Abu Dhabi could grow its Sweihan solar venture to well more than 1 gigawatts after record low offers were submitted on Monday.
The procurement arm of Abu Dhabi Water and Electricity Authority’s got six offers for the forthcoming 350 megawatt solar photovoltaic (PV) plant in Sweihan, with an offer from a local company coming in at 2.54 US cents for each kilowatt-hour (kWh).
While that figure is 12 percent lower than the record lows came to in Chile a month ago, a radical new offer was put on the table from an Asian-led consortium. The consortium presented an offer for plant’s expansion to 1,170MW at an offer of 2.30 cents, as indicated by sources.
In any case, take note of that offers submitted don’t imply that the undertaking has been awarded, as officials will now assess the offers to guarantee diligence and financial capability.
The solar sector of the United Arab Emirates has been playing out on a worldwide field for a few years after Saudi Arabia’s Acwa Power, together with TSK of Spain, went to the front line and presented a triumphant offer of 5.84 cents for a 200MW phase for Mohammed bin Rashid Al Maktoum Solar Park in Dubai.
At the time this was a tremendous jump from what was viewed as average at around 8 to 9 cents.
It appears as if that cost is gone, in light of the fact that in June there were new lows in Dubai at 2.99 cents for 800MW.
It was broadly expected that Abu Dhabi would beat that rate, which brought about numerous companies hauling out.
At the start, ninety companies are interested, with that number decreasing to just 34 getting to be pre-qualified. Top names like TSK, Italy’s Enel, and Acwa, and Abdul Latif Jameel all pulled out over summer, leaving just seven in the competition. In the most recent move the French firm Engie left.
While some are worried that these rates will put a press on the sector, Acwa trusts that there is still space for further drops.
Paddy Padmanathan, Acwa CEO said that the bottom hasn’t been reached yet, but it’s close.
He said that there won’t be radical drops at the same time, however a steady slide later on. “Obviously the business sector is still ready to enhance, and given that the financing cost environment is staying static I’m happy to see this new ordinary,” he said.

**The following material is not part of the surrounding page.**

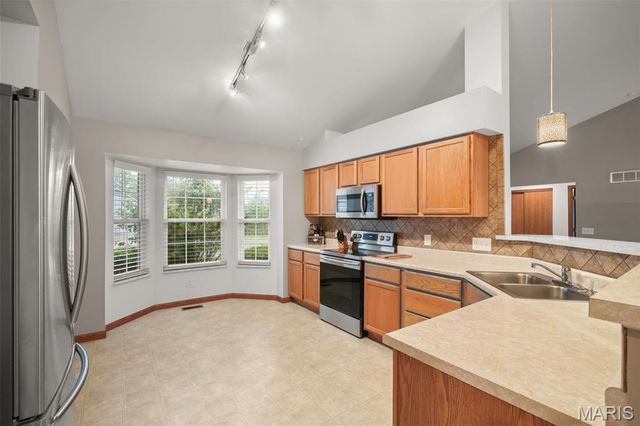 815 Whisper Creek Court, Wentzville, MO 63385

Mr. Padmanathan said that the primary focus now should be on a system balance, which ought to highlight construction and efficiency gains in procedure. In any case, he warned of future concerns on liquidity toward the business sector.
The previous director of Masdar Clean Energy Frank Wouters, additionally concurred that the modest financing was brief. He thinks the low cost of capital plays a significant part and won’t remain so low forever. They’re still trying to figure out how to further reduce the cost of solar cells so there’s no reason why solar cost will ever increase again.